引退後はさまざまな活動に挑戦する男は、何を追い求めているのかー。
Qolyは遠藤さんにインタビューを実施。
初回はアマチュア時代に刺激を受けた元日本代表MF香川真司(J1セレッソ大阪)の存在や鹿島入団の経緯に迫った。
(取材・文・構成 宇田春一)
真司の方が優れていた
柔らかい表情で少年時代を振り返った。仙台市出身の遠藤さんは兄の健(けん)さんの影響で幼少期から競技を始め、小学生年代では天才少年といわれるほど宮城県下では有名な選手だった。
中学に進学すると、塩釜FCジュニアユースへ入団。
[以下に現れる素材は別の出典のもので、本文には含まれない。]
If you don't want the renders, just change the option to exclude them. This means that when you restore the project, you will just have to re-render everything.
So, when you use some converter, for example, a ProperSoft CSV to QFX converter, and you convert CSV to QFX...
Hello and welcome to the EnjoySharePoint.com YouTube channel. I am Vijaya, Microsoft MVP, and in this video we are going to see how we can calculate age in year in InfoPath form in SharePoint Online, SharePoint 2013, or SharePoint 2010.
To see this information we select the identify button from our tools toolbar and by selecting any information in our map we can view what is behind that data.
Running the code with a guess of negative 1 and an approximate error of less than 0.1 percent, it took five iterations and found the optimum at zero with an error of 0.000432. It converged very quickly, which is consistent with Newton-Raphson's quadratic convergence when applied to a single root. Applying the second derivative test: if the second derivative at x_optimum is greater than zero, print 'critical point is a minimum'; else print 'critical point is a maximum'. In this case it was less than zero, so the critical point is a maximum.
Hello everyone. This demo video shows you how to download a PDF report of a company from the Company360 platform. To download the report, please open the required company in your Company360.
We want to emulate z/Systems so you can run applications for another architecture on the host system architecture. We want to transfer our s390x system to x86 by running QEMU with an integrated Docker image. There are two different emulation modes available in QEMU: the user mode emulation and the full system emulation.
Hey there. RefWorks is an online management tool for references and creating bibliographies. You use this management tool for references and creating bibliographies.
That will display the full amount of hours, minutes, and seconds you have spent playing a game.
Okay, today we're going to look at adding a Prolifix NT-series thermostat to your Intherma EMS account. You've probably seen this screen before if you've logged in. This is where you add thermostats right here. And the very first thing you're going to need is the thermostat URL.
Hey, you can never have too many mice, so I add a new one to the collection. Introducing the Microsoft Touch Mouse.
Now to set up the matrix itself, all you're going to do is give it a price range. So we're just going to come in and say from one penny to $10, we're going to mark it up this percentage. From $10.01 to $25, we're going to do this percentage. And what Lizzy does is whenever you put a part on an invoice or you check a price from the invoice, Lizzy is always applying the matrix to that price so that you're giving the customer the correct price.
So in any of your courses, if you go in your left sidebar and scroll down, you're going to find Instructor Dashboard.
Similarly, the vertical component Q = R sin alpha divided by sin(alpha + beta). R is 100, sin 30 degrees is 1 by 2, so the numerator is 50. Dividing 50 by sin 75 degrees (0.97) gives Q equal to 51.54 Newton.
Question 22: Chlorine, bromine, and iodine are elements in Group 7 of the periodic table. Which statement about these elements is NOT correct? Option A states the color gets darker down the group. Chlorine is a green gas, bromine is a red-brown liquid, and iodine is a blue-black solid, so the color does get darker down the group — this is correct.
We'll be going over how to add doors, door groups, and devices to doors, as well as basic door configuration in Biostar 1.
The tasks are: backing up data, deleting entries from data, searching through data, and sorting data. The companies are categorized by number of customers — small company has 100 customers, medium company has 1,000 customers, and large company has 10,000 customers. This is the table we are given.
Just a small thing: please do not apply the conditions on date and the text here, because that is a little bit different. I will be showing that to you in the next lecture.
東北で有名な存在だった遠藤さんは、後に日本代表に名を連ねる同い年の少年に衝撃を受けたという。
「真司のほうが僕より優れていた。(具体的に挙げるとすれば)ドリブルですかね。 プレーを目を当たりにして、プロの世界に行っても、『そのままの感じでやれるんだ』『あんなプレーができていいな』と思ったこともありました。まさかマンチェスター・ユナイテッドへ移籍して、代表で10番を背負う選手になるとは思っていませんでしたけど…」
兵庫県からみやぎバルセロナFCへサッカー留学をしていた香川は異質な存在だった。ともに東北選抜でプレーするなどライバルの出現に遠藤さんは刺激的な日々を過ごした。
「真司とのプレーは楽しかったですよ。(プレーを)目の当たりにして上手いなと思ったし、僕も負けないように頑張ろうと思いましたね」と、切磋琢磨した。